The worst thing that has happened to Jacoby Ellsbury and Brett Gardner is that they switched places at the top of the order. The worst thing that has happened to Starlin Castro is nothing. Chase Headley was never benched during his historically bad season-opening six weeks and despite being the posterboy of first-round bust, Hicks is continually forced into the lineup only to never improve. And on the good side of things, it took nearly half the season for Joe Girardi to move Didi Gregorius up in the order because “he didn’t want to mess with a good thing.” That’s right, the Yankees manager based lineup decisions off superstitions rather than performance.
Now the Yankees claim they are ready for a youth movement. They traded away possibly the best two relievers in baseball and their best hitter for a plethora of prospects. Since Monday, they have called up Ben Gamel and then Gary Sanchez and put Chad Green into the rotation (though I’m sure that will change in the next five days). But who was it that got hurt by the call-ups? A-Rod. (Gary Sanchez, the Yankees’ third-best prospect, who we have been hearing about for years as their next catcher started at DH on Wednesday night against the Mets.)

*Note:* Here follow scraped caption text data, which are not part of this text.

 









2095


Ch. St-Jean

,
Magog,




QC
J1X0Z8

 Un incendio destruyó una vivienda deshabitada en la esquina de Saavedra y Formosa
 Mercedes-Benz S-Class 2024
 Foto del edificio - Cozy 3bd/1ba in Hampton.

The youth movement won’t impact Jacoby Ellsbury, who will still be a Yankee four years from this moment. It won’t take away at-bats from Brett Gardner, who should have been traded in the offseason and then again at the deadline. It won’t put Chase Headley, who still has two years and $26 million (!) coming to him after this season. It won’t put Starlin Castro on the bench no matter how many sliders he waves at in the other box. It won’t stop Brian McCann from starting even though the Yankees, reportedly, could have paid him to go away on Monday and chose not to. I’m not so sure it will take away from Cashman’s desire to give Hicks unlimited chances even if Aaron Judge gets called up and goes on a Shelley Duncan-esque tear. And forget about the rotation and the jobs of Michael Pineda and Nathan Eovaldi. The only thing safer than their jobs is Mark Teixiera’s.

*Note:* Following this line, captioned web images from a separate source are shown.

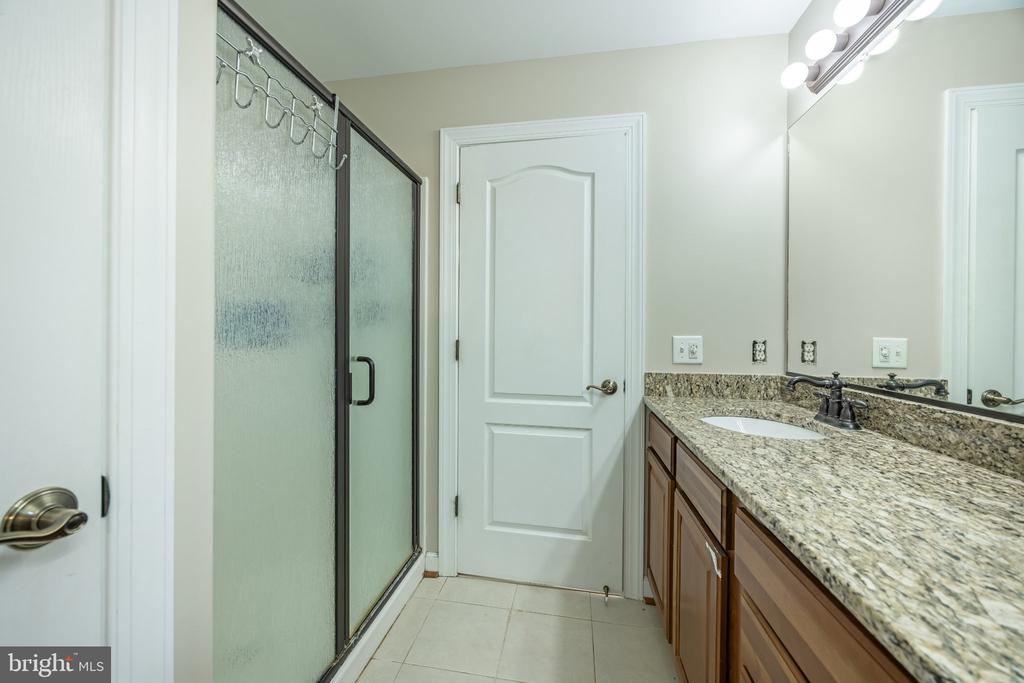 65 EQUESTRIAN DRIVE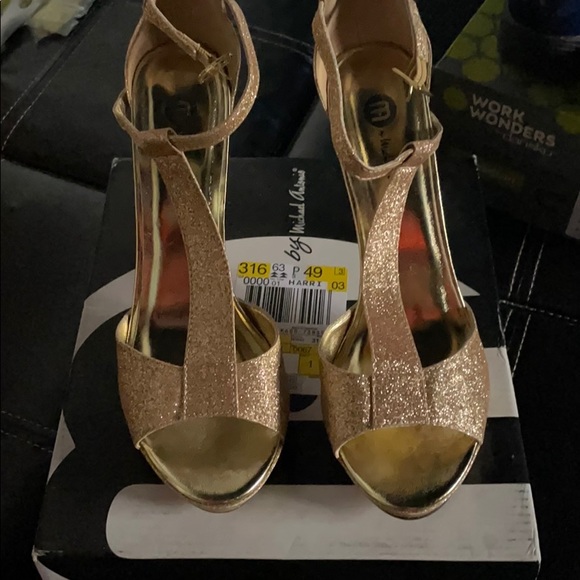 Pumps - Picture 2 of 2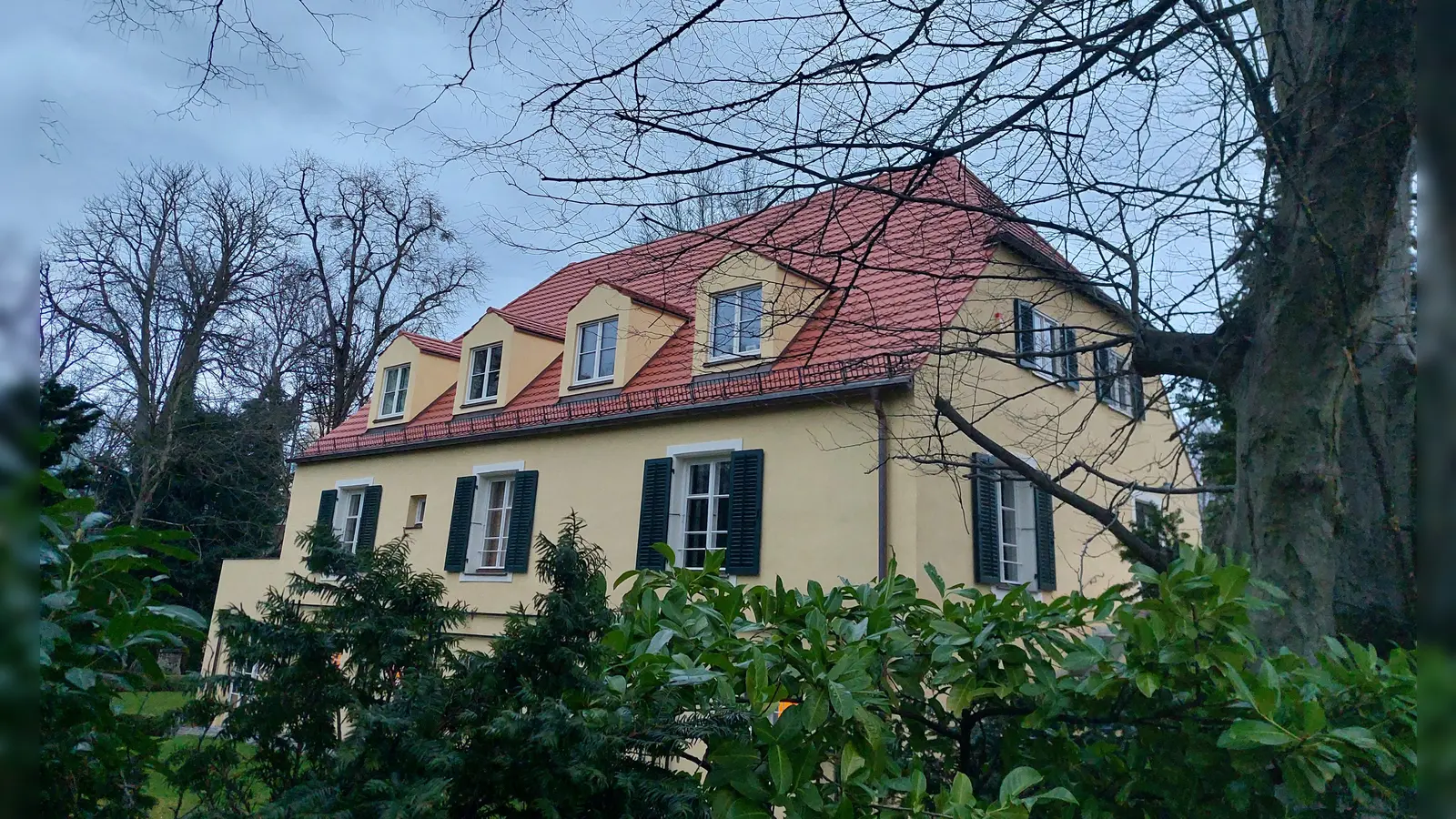 In der Hornsteinstraße 3 liegt eines von zwei Gebäuden im Stadtbezirk Bogenhausen, die mit dem Fassadenpreis 2023 ausgezeichnet worden sind. (Foto: bas)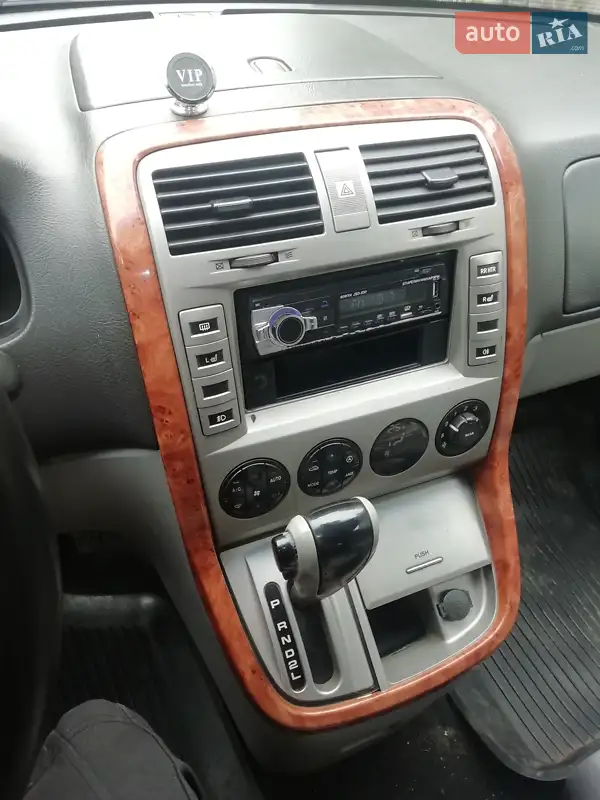 Kia Carnival 2003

A few weeks ago A-Rod almost made his return to first base, but it didn’t happen, and there have never been talks about him playing third base again. Why not? Last season, it seemed like it was a health concern. What’s the reason now? If he gets hurt and can’t play, well, he’s already not playing. And as a 41-year-old pinch hitter, the Yankees can’t be too concerned about his future since he has one year left on his current contract and it’s becoming more and more likely he won’t be collecting that money as an active player. The 2016 Yankees aren’t going anywhere other than near the top of the 2017 draft order. And if the other underperforming Yankees are going to play, A-Rod should too. Give A-Rod playing time and give him at-bats and give him the chance to get 700 home runs. (He technically has 697 already since he hit a home run in 2008 that was called a double before replay was instituted.) Give Yankees fans something to watch every night other than one prospect’s at-bats.

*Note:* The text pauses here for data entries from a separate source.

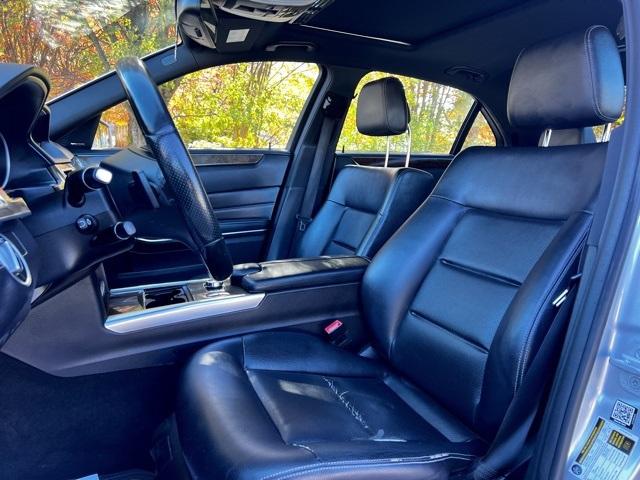2016 Mercedes-Benz E 350 4dr Sdn E 350 Luxury 4MATIC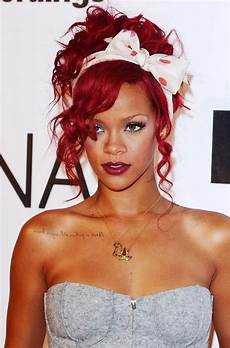 Rihanna Pin Up Hairstyle by Hair Envy 101 Scarlet Fever Rihanna Hair Rihanna Pin Up Hairstyle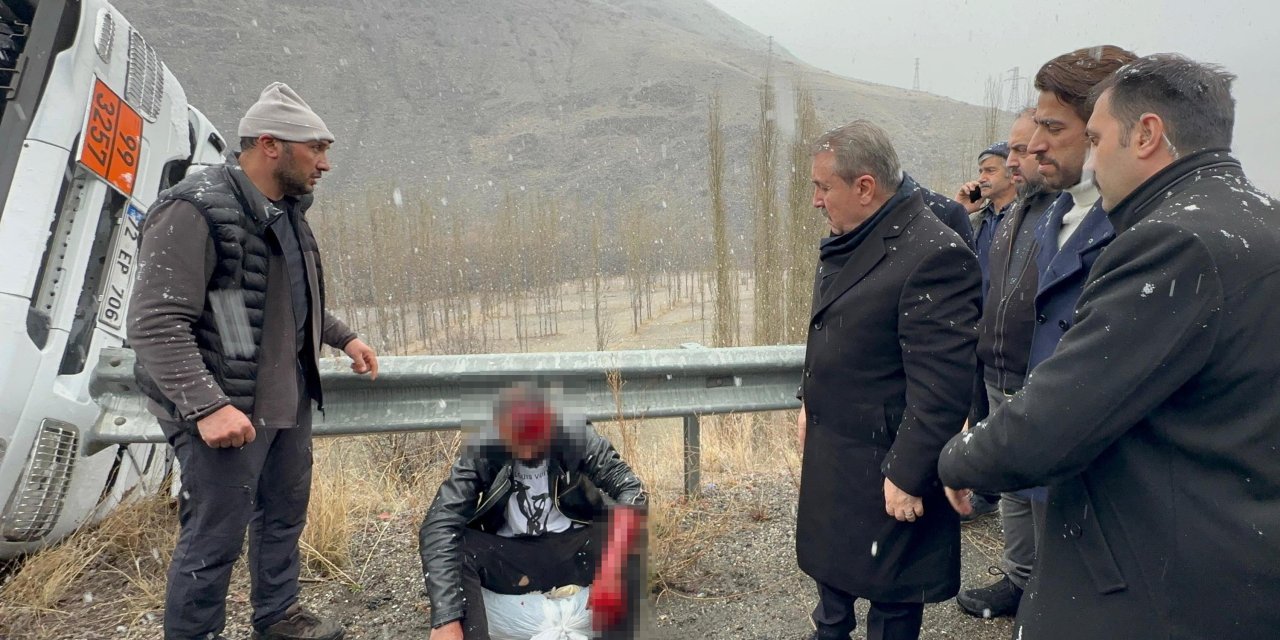 Destici, Yaralı Şoföre Yardım Etti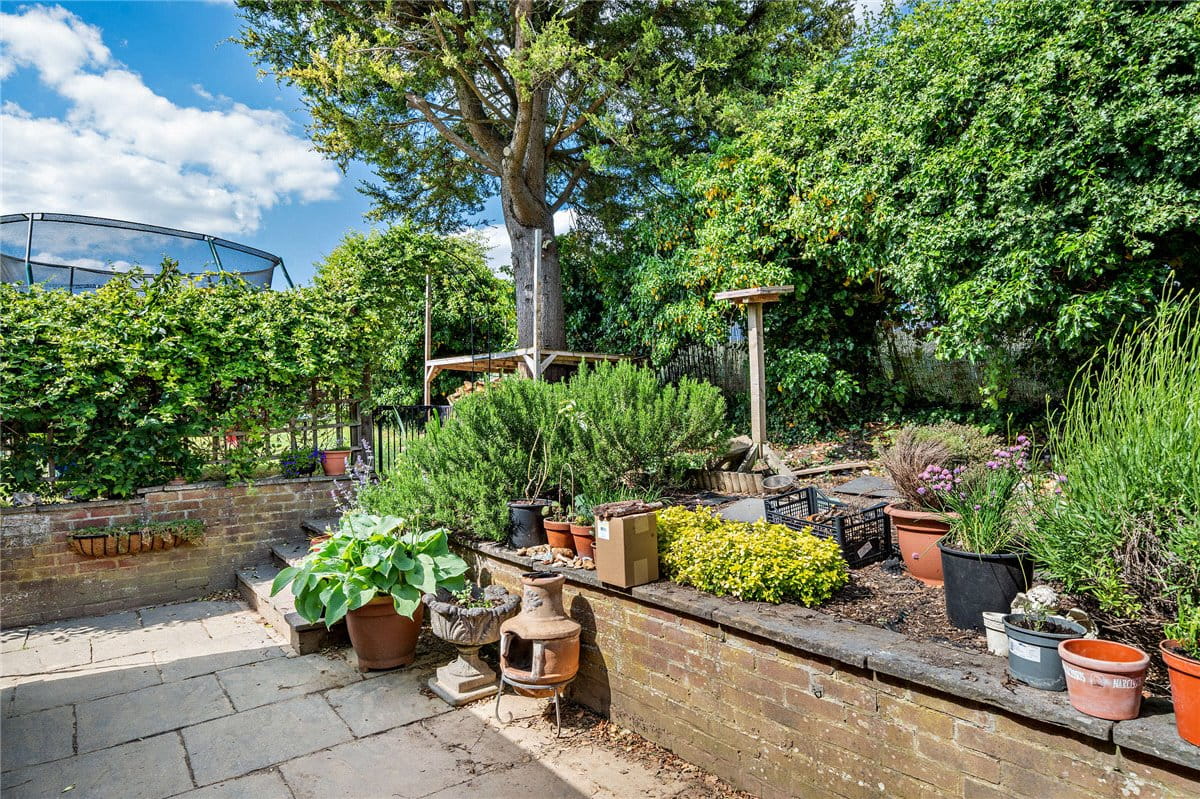 3 bedroom house, Leckhampstead, Newbury RG20 - Sold STC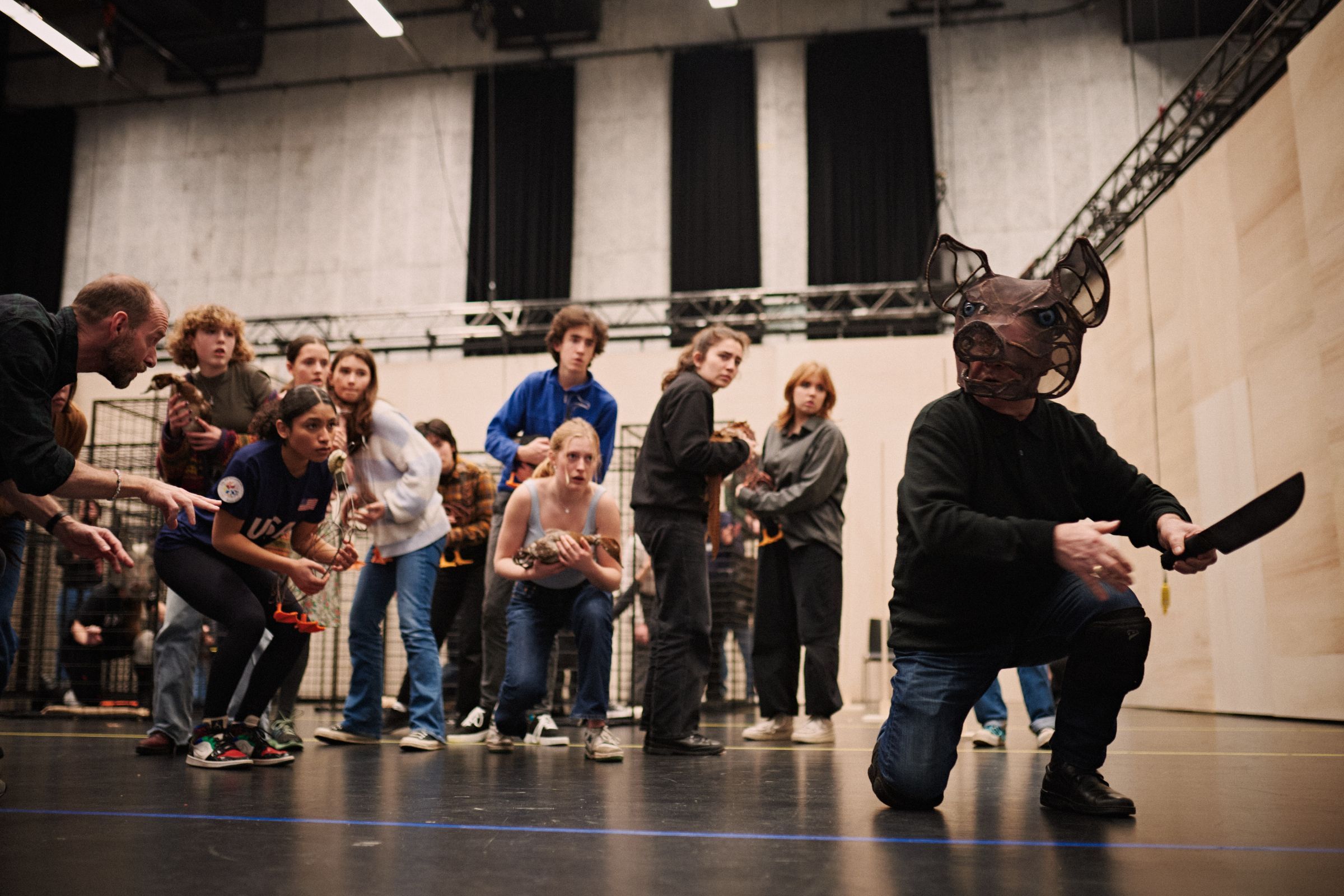 Gennady Bezzubenkov (Old Major) rehearses together with the chorus &copy; Milagro Elstak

It’s not that A-Rod has had a good season and is being treated unfairly. He’s had a bad, inconsistent season and is being unfairly treated because everyone else on this team aside from the players who were traded and Didi Gregorius has had a bad, inconsistent season, but nothing has changed for them, and I don’t expect it to. Whether it’s Teixeira hitting a three-run home run on Wednesday or Hicks maybe one day doing something productive, there will be those who say they deserve to play because of their one big moment after a month of no moments. Given enough chances, any player, even the bad ones, will eventually do something (OK, maybe not Hicks). Unfortunately, for A-Rod, on a team of bad players he’s being treated like the worst even though he’s far from it.